───── The data ─────
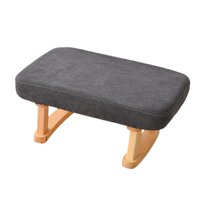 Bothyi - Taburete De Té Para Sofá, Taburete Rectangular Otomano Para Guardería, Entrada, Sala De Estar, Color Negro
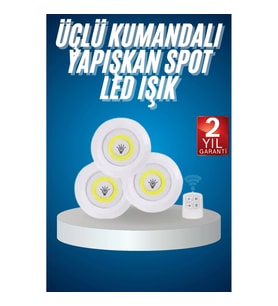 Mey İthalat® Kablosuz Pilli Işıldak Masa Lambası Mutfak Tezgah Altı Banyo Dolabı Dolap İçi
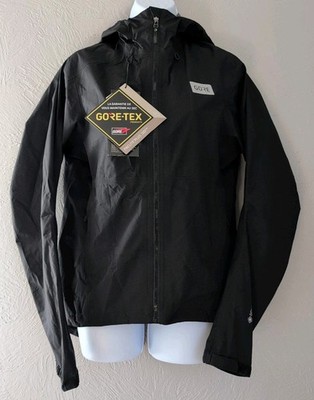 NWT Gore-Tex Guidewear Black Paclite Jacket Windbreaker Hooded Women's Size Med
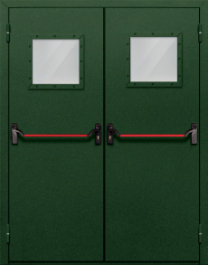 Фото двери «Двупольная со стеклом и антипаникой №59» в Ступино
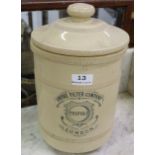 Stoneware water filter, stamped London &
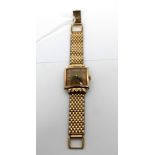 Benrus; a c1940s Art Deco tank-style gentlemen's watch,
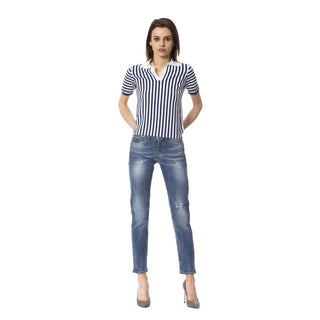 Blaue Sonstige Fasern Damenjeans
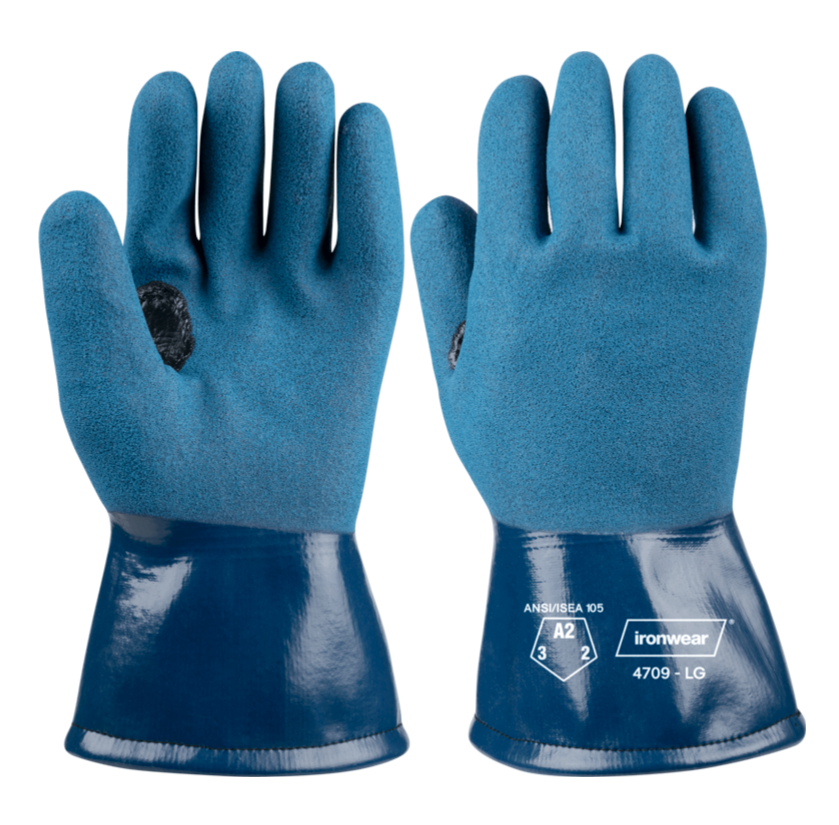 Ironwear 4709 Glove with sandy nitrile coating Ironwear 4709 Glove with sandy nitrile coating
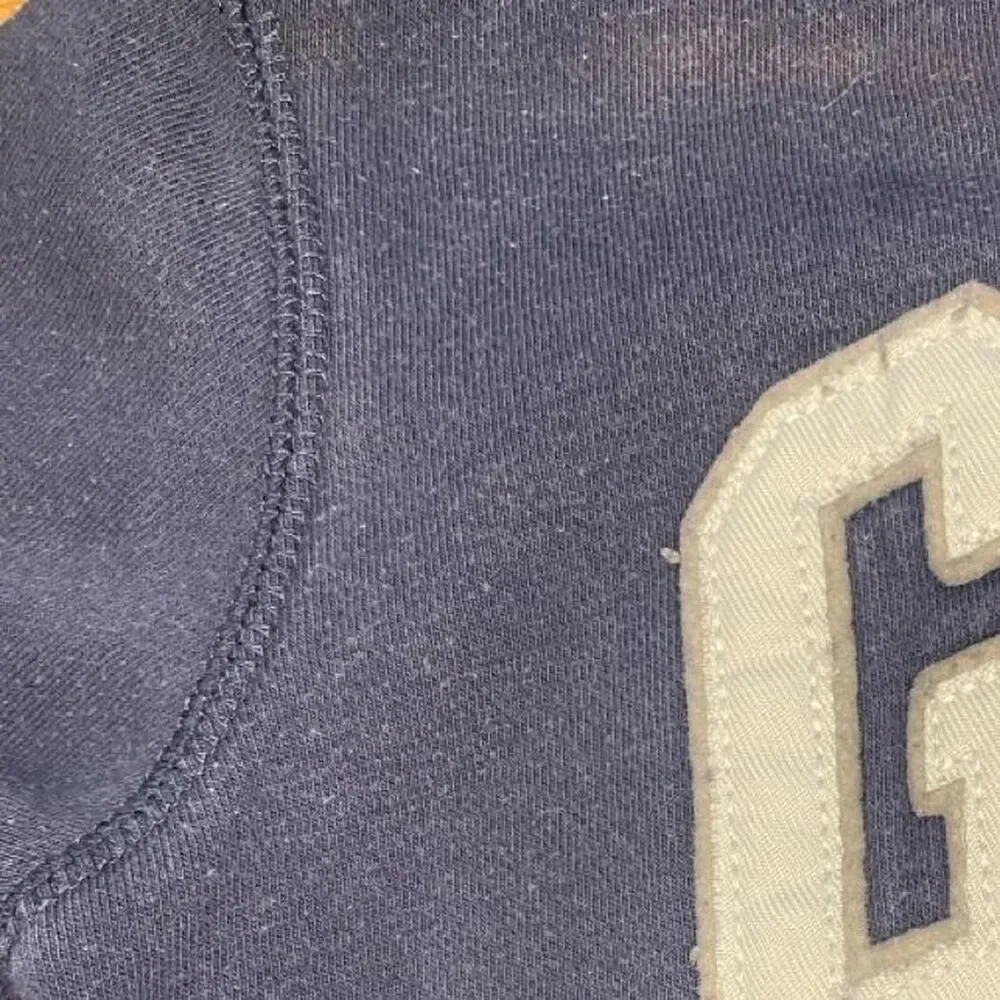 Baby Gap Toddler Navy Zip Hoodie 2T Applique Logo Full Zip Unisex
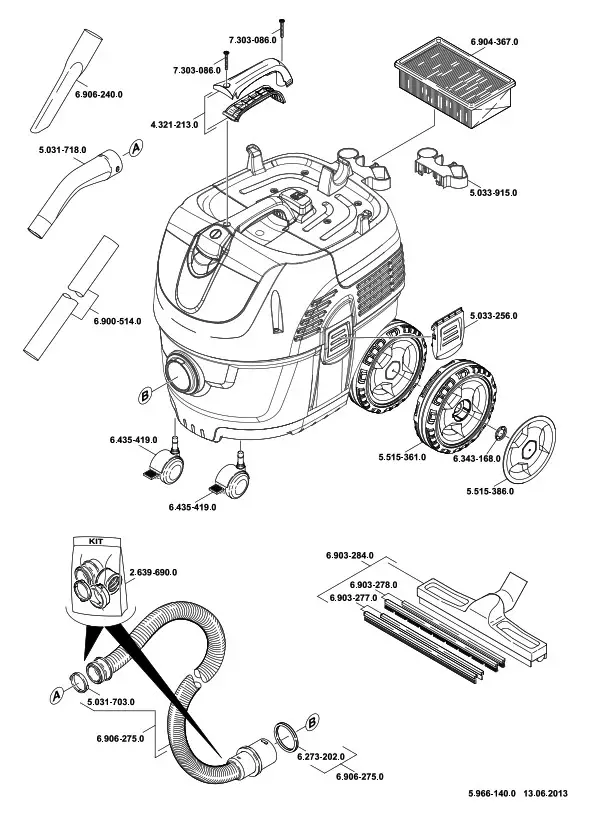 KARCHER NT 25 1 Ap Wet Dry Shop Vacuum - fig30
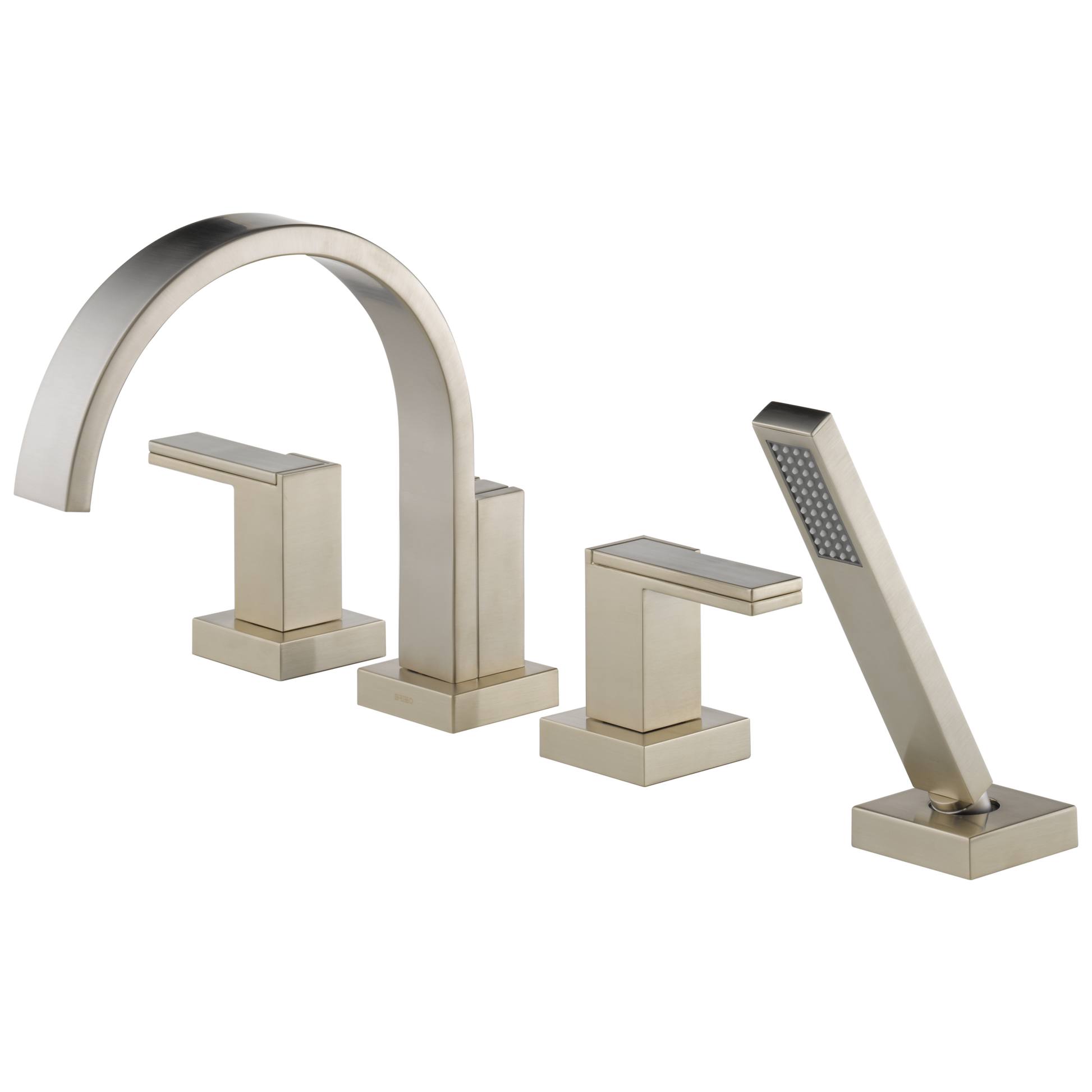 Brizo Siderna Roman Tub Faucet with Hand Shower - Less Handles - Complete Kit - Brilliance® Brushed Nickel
─────
Beginning with the first line of the records and ending with the line that contains "NWT Gore-Tex Guidewear", reproduce every line exactly, omitting pictures and adding nothing.

 Bothyi - Taburete De Té Para Sofá, Taburete Rectangular Otomano Para Guardería, Entrada, Sala De Estar, Color Negro
 Mey İthalat® Kablosuz Pilli Işıldak Masa Lambası Mutfak Tezgah Altı Banyo Dolabı Dolap İçi
 NWT Gore-Tex Guidewear Black Paclite Jacket Windbreaker Hooded Women's Size Med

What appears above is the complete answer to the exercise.